After a slightly shaky start, the orchestra swung energetically into action with Walton’s rousing Coronation March. Walton’s music is marked by its strong rhythms and vigorous forward movement, which our guest conductor, Michael Waldron, grasped with authority. Indeed, the strength of Michael’s control over his forces and the challenges of the music was admirable throughout the programme.
The striking variety of the concert was highlighted by the work that followed – Gustav Holst’s Hymns from the Rig Veda, Hindu subject matter far removed from the English scene, although the ominous tread of relentless downward steps in the bass instruments continued the march element of the Walton.
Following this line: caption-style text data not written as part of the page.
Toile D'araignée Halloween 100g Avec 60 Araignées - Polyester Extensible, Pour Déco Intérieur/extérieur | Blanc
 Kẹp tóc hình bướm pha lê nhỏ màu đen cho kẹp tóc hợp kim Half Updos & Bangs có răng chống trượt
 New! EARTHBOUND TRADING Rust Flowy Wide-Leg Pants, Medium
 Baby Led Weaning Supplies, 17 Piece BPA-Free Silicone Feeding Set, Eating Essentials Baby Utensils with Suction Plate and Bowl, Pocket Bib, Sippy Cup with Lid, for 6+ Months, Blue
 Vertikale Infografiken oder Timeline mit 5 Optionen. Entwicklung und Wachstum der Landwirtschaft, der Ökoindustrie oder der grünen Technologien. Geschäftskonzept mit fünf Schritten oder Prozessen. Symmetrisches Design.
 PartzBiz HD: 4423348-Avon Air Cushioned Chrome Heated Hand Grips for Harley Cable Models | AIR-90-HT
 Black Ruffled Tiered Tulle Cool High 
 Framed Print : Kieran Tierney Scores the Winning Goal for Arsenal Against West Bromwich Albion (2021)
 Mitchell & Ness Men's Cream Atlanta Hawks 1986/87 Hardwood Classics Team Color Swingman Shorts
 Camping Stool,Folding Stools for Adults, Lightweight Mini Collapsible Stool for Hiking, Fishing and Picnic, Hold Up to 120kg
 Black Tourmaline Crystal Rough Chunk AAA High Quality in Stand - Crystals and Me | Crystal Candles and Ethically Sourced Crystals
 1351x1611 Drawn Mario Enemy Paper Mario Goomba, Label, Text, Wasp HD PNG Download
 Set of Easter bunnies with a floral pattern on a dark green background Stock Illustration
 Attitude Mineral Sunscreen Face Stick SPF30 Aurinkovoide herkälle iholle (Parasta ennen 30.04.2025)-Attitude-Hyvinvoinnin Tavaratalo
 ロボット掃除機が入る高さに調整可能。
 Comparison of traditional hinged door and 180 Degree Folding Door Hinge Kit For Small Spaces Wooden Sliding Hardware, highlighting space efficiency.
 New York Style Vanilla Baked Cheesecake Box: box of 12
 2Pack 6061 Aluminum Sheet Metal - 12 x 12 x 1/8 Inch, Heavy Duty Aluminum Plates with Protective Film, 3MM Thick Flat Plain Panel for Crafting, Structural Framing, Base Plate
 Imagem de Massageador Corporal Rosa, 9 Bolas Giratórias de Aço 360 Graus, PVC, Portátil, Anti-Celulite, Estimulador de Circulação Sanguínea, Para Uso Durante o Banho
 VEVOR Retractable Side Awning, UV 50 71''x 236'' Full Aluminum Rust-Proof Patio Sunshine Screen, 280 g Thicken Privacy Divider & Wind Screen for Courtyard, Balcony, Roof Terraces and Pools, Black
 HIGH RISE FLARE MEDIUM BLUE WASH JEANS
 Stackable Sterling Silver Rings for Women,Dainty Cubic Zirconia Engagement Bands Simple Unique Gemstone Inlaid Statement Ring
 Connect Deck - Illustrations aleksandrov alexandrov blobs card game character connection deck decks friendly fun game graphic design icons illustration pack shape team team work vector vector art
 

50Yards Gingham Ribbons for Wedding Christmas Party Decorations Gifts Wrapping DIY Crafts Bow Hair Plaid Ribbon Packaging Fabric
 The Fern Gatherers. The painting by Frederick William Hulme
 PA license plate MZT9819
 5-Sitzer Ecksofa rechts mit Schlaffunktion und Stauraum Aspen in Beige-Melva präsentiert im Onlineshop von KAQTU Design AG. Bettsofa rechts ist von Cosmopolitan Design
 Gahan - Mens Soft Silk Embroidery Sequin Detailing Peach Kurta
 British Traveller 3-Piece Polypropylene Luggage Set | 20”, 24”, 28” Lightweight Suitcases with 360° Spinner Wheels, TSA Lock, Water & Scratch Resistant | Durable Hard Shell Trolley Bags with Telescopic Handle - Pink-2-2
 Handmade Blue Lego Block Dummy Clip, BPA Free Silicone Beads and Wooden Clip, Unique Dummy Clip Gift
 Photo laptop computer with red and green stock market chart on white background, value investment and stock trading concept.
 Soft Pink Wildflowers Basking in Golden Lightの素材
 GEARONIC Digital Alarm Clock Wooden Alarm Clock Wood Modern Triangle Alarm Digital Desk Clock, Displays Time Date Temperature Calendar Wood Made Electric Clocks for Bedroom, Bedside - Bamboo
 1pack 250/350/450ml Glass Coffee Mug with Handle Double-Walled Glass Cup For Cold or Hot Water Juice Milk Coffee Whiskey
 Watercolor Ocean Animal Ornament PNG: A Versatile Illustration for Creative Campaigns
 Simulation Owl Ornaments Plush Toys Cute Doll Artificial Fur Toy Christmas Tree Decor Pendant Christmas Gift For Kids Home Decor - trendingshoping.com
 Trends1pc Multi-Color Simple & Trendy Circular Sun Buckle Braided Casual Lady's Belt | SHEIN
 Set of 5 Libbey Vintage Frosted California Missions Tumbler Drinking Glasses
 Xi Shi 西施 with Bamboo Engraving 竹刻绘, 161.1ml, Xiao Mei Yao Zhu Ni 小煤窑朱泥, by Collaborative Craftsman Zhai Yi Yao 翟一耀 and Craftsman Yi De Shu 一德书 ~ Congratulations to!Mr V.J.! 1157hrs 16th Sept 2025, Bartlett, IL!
Holst’s rarely-heard work was intriguing, powerful and original.
Both the Holst and Finzi’s Lo the Full Final Sacrifice are challenging works, especially for the choir, who sounded uncertain in the more exposed passages where pitch was unsupported by the orchestra. The very hot, airless atmosphere in St Stephen’s Church must have added to the performers’ difficulties. Finzi’s piece begins and ends impressively, but it loses its musical direction in the middle. As it happens, I had heard the piece as the anthem at Evensong in King’s College Chapel, Cambridge, the previous Sunday. The rendering with organ accompaniment provided more clarity of texture than does the complexity of the organ version. The Holst and Finzi were strange bedfellows, Hindu and Christian mysticism in juxtaposition, but it all gave colour to the richly varied programme.
It was fortuitous that the interval followed, giving us a breathing space before the entirely different world of Sullivan’s Overture to the Yeomen of the Guard. This is one of the composer’s finest compositions, and again the orchestra addressed it with strength and vigour. Particularly fine was the string playing, admirably led with authority by Susan Skone James. However here, as on other occasions, the heavy brass often predominated, presenting problems of balance. Personally speaking, I found the rendering of Parry’s Blest Pair of Sirens too fast and somewhat rushed. Milton’s poem is entitled At a Solemn Musick, and the composer has responded with music that requires a more dignified spaciousness.
From this point we entered into the customary celebration of the Prom tradition. The Fantasia on British Sea Songs was played and sung with flair and panache, with noteworthy points of excellence in the orchestra – lovely oboe playing, fine clarinet and cello solos, and a distinguished performance by the horns. The audience were delighted as ever to join in singing Jerusalem and Land of Hope and Glory, which bring the Prom concert to a jubilant conclusion. Elgar’s Pomp and Circumstance March provided the framework as a balancing answer to Walton’s opening piece.
So the Philharmonic gave us another richly rewarding concert. How fortunate that Michael Waldron was available to replace our incapacitated director, to whom we wish a speedy recovery.